**Required work**
The answer must consist solely of the lines from the line with "Patchwork Portraits - Your" to the end of the data below, transcribed exactly and with no pictures.

**Collected data**
******************************

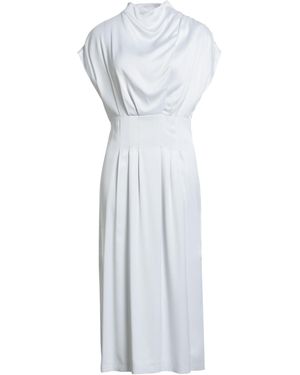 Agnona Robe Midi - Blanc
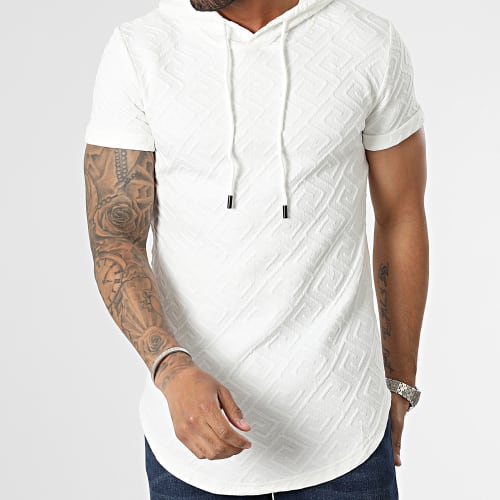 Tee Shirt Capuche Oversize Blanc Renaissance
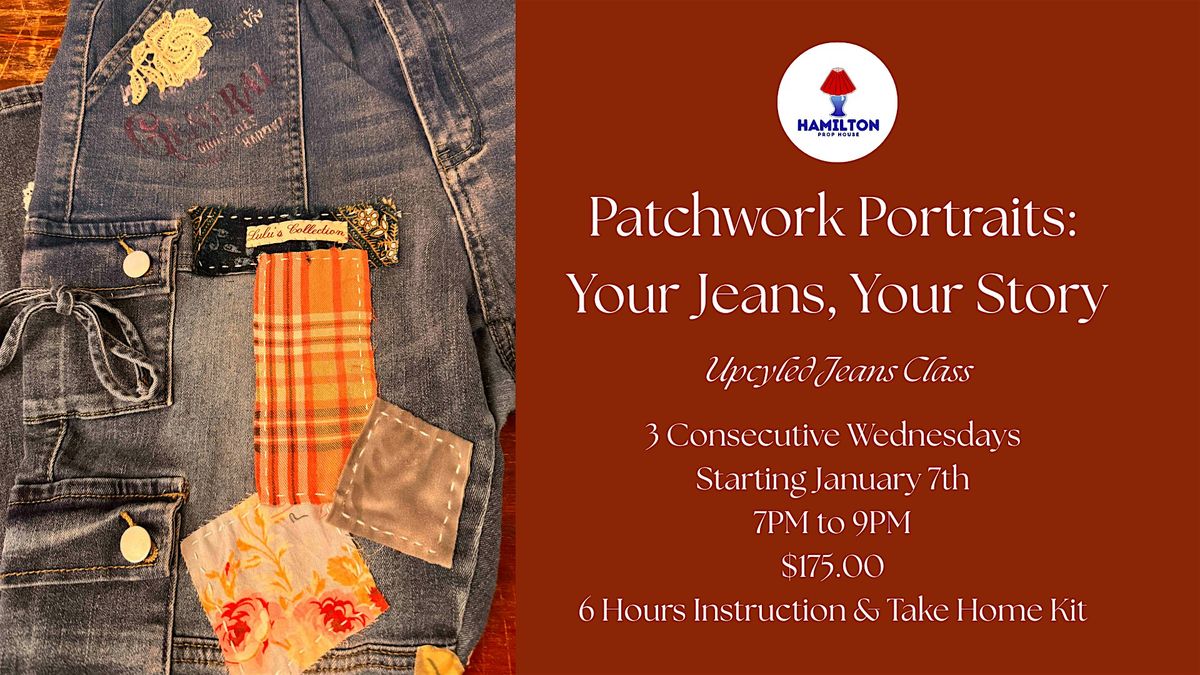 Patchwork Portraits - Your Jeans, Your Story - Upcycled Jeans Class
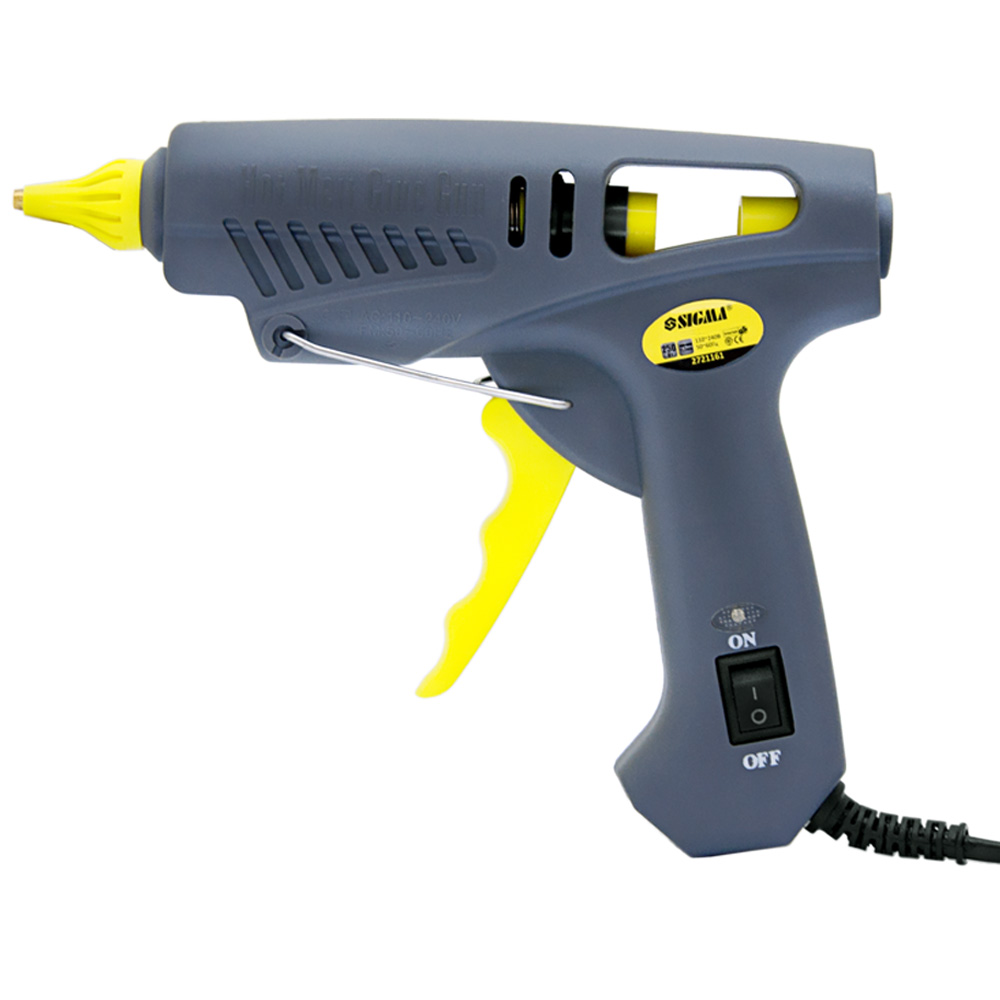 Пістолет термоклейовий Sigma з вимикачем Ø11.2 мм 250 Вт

******************************

**The completed task**
 Patchwork Portraits - Your Jeans, Your Story - Upcycled Jeans Class
 Пістолет термоклейовий Sigma з вимикачем Ø11.2 мм 250 Вт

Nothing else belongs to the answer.